Condition Monitoring and Motion Modelling

Industrial vibrating screens are used in the field of secondary raw material processing. The efficiency of such a screen depends heavily on the movement that the screen makes while material is being processed. In this project the motion of a sieve was monitored with a new developed sensor system including a 3-axis accelerometer. Since the orbital data is composed by a sine and Gaussian noise, the probability density function of both components were used to model the data. The separation of the two components enables the acceleration amplitude to be determined and further the displacement to be derived.

Sensor Modelling and Calibration

A newly developed sensor systems including multiple sensor elements as well as a processing unit require suitable calibration models in order to obtain undistorted sensor data. A calibration model was found with which the accelerometer within this system can be calibrated for 9 degrees of freedom. It corrects the measurements for the gain and the offset  as well as for the 3D rotation of the sensor element within the sensor housing wrt. the outer reference aluminium base plate. The calibration parameters can be determined after 6 static measurements in orthogonal directions and a non-linear least squares optimization.

Detection of surface cracks in railway rails

Railway rails are exposed to cyclical stress in the contact zone between rail and wheel causing so called rolling contact fatigue (RCF). In this project inductive thermography was used to detect Squats and Head Checks – two common types of surface  defects caused by RCF. Phase images where used to characterize Head Checks and estimate the depth as well as the penetration angle of Head Checks.

ANSYS simulations of inducting thermography

Simulations are a useful tool to get a better understanding for physical mechanisms during a specific process. At the chair of Automation ANSYS is used to simulate inductive thermography, which is a non-destructive testing method.

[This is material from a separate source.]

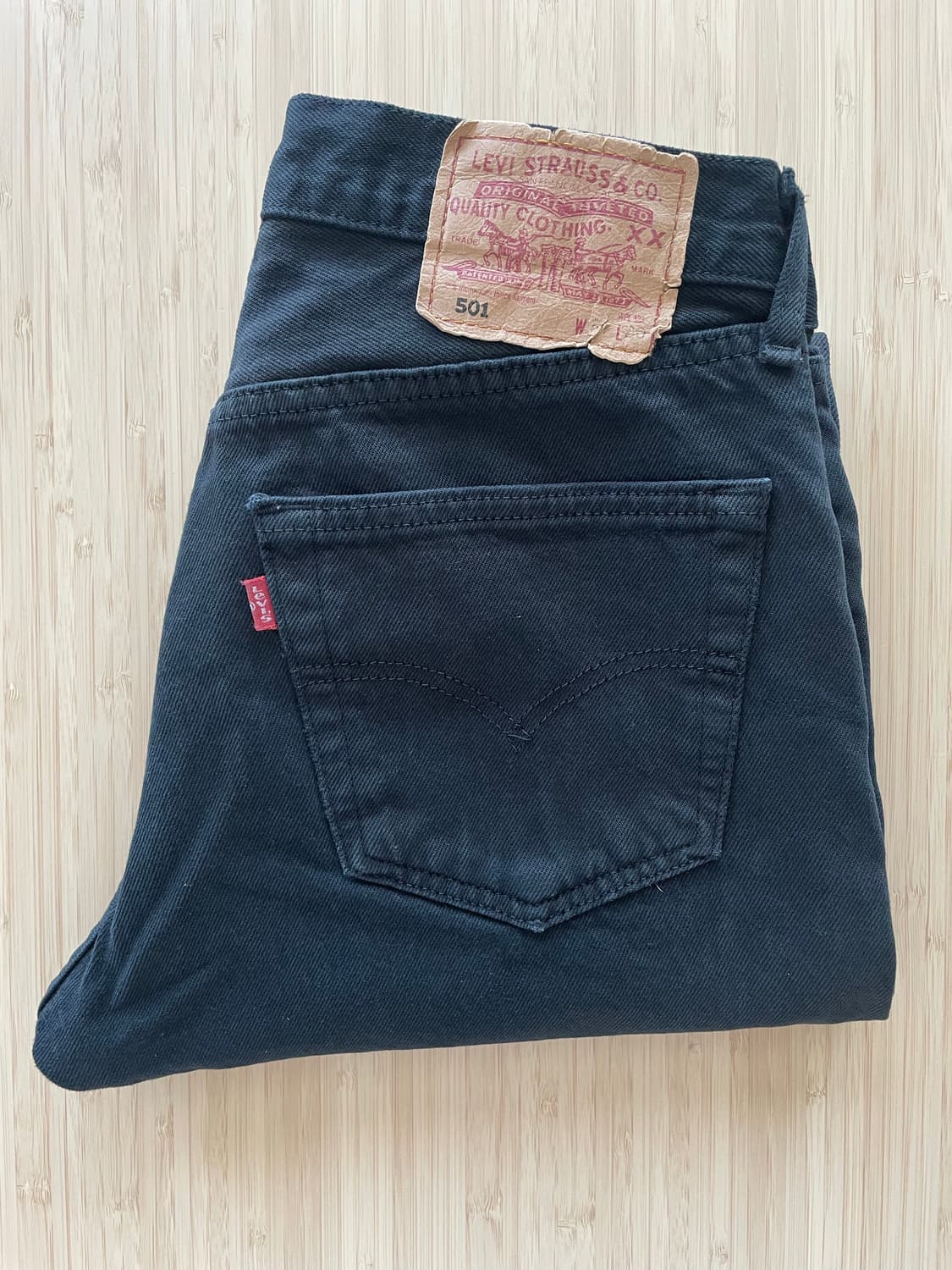 리바이스 501 블랙진 상품이미지1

The eddy current and temperature distributions are simulated around surface cracks, in order to optimize the testing method.

Delamination and impact defects in CFRP specimen

Delamination during production and impact defects caused during the live cycle of CFRP plates are two types of defects which can be hardly detected by visual inspection. Flash thermography is a method for non destructive testing which can be used to detect these defects. With this method it is possible to locate the defects and estimate the depth in which the delamination occurs.